Here are the latest things you should know about education and Canada.[1]

We Are Good At It

Not just in one way, but two:

  1. Our domestic population is highly educated. In 2016, 61% of 25-34-year-old Canadians held a tertiary[2] qualification. This is the second highest share among all 2017 OECD Education at a Glance participants, after Korea (70%).
  2. Canada is an attractive place to study, and international education is a growing source of “export” earnings. The OECD estimates that the Canadian education market hosts nearly 12% of all international students studying abroad. In 2015, BC post-secondary institutions and K-12 schools hosted 130,053 international students, up 44% from 2010.[3] Out-of-country students are an important source of export earnings for the province. Over the course of 2015 the international student body spent over $3.5 billion in tuition and living expenses in the province. Foreign post-secondary students pay tuition that is four to six times[4] higher than that paid by Canadians. The latest data finds that, in 2015, international student spending provided a $2 billion boost to the province’s GDP and supported 29,300 jobs. Canada and BC are well situated to increase exports of educational services thanks to the growing global demand for education.

It’s Worth The Effort

The gap between skilled and non-skilled is widening. On average within OECD countries, adults with a tertiary education earn 56% more than those with only high school graduation. And while the future may look rosy for many workers with advanced education, those left behind face a bleaker outlook. Lower-skilled individuals pay an increasing price for not possessing tertiary educational credentials, in terms of diminishing employment opportunities and lower wages. Young adults with high school or less are less likely to be employed today than ten years ago. Moreover, skills gaps are expected to widen with the rise of artificial intelligence and the accelerating pace of technological change generally.
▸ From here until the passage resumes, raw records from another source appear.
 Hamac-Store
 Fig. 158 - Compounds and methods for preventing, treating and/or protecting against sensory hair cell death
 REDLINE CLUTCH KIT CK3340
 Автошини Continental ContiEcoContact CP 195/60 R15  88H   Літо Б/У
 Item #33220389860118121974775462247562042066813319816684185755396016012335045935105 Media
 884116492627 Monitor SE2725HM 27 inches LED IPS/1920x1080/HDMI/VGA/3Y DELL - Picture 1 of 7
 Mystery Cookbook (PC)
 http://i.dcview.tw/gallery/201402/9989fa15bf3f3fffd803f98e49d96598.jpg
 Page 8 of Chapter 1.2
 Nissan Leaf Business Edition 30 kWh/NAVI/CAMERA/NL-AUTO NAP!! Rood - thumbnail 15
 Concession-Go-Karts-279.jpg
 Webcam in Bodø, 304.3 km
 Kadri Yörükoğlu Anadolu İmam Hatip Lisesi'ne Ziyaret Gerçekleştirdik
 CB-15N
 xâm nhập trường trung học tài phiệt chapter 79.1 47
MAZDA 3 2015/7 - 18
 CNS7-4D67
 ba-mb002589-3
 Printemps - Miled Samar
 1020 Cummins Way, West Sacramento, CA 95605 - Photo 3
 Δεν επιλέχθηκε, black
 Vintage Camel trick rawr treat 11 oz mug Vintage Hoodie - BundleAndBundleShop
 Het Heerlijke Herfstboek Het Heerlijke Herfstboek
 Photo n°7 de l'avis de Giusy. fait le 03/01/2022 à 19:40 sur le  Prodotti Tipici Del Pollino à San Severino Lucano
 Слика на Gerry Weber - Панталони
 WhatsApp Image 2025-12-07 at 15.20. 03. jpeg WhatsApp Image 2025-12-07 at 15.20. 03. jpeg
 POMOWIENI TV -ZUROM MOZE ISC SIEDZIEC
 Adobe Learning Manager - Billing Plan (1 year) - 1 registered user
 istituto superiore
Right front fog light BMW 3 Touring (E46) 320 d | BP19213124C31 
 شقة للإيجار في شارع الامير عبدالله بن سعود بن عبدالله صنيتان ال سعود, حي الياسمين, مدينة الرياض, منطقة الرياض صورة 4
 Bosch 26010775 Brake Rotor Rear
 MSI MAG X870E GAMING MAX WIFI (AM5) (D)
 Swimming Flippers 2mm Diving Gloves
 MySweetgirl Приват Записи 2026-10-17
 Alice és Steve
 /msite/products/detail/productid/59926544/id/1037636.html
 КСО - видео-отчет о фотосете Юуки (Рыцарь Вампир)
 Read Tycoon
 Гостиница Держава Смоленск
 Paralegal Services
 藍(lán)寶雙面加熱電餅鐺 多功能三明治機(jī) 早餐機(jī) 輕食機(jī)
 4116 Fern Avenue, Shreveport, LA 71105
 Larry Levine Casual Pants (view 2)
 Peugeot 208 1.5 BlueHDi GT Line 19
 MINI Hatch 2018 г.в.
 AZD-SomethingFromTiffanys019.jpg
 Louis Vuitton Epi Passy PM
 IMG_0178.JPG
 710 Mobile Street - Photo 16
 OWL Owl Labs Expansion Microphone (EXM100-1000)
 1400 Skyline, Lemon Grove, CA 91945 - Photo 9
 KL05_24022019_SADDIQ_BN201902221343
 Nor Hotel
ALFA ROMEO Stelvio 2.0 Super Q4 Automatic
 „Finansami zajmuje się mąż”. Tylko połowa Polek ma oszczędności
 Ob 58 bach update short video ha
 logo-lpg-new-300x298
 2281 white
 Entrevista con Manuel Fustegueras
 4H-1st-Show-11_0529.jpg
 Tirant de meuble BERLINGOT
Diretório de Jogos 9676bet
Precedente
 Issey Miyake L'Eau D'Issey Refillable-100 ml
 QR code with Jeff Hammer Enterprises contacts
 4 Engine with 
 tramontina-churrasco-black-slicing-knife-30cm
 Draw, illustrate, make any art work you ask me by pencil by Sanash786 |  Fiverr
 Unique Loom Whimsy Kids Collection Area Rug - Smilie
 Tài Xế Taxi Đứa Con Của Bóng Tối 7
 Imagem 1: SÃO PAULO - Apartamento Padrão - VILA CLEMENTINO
More Education = Better Health

The benefits of education go beyond income and jobs. Individuals with tertiary education are less likely to suffer from depression. Only 8% of Canadian women with advanced educational qualifications report having depression, compared to 13% of those with high school or less. On top of that, there is a large body of cross-national research confirming that more education is associated with longer life spans and healthier lives.

Completion Remains A Challenge For Many

Despite rising levels of educational attainment in Canada, not everyone who starts a program finishes. A new indicator on completion rates shows that one in five Canadians do not complete their programme of study within two years of the programme’s theoretical end date. While this is better than the OECD average graduation rate of 54%, the Canadian figure still points to a loss of human potential and a sub-optimal use of scarce resources as many people fail to complete post-secondary programmes.

There’s Work To Do To Support Graduate Students and Spur Innovation

Overall, Canada performs well amongst OECD peers by having a population with a high level of tertiary education. However, the 2017 report notes that Canada lags behind the OECD average in the production of graduate-level degrees. In 2016, 21% of 25-64 year-olds held an undergraduate degree compared to an OECD average of 16%. However, only 10% of Canadians in the same age group have obtained graduate degrees, while the OECD average is 12%. Of concern, this gap is bigger among younger Canadians aged 25-34 years: only 10% have completed a graduate degree, five points lower than the OECD average of 15%.

There’s still work to be done to support graduate students and innovation in Canada and BC. In the 2016-2017 school year, BC had just under 20,000 full-time graduate students enrolled and trailed behind the Canadian average in the number of graduate degrees granted per capita. British Columbia is the only major province not to offer graduate student support and scholarship programs, placing us at a disadvantage in driving innovation and building advanced skills. Given the outsized contributions of highly-educated workers in a knowledge-based economy, the province should do more to support graduate students attending BC post-secondary institutions.

[1] OECD Education 2017 data looks at elementary, secondary, and tertiary/post-secondary education.

[2] A third level of academic pursuit after high school graduation. Minimum of two years full-time study, which includes apprenticeship certificates, diplomas and academic degrees. For full definition, see OECD’s Glossary of Statistical Terms:

  1. Tertiary-Type A Education
  2. Tertiary-Type B Education

[3] Not including privately run language schools.

[4] Tuition fees vary by academic level, program and institution.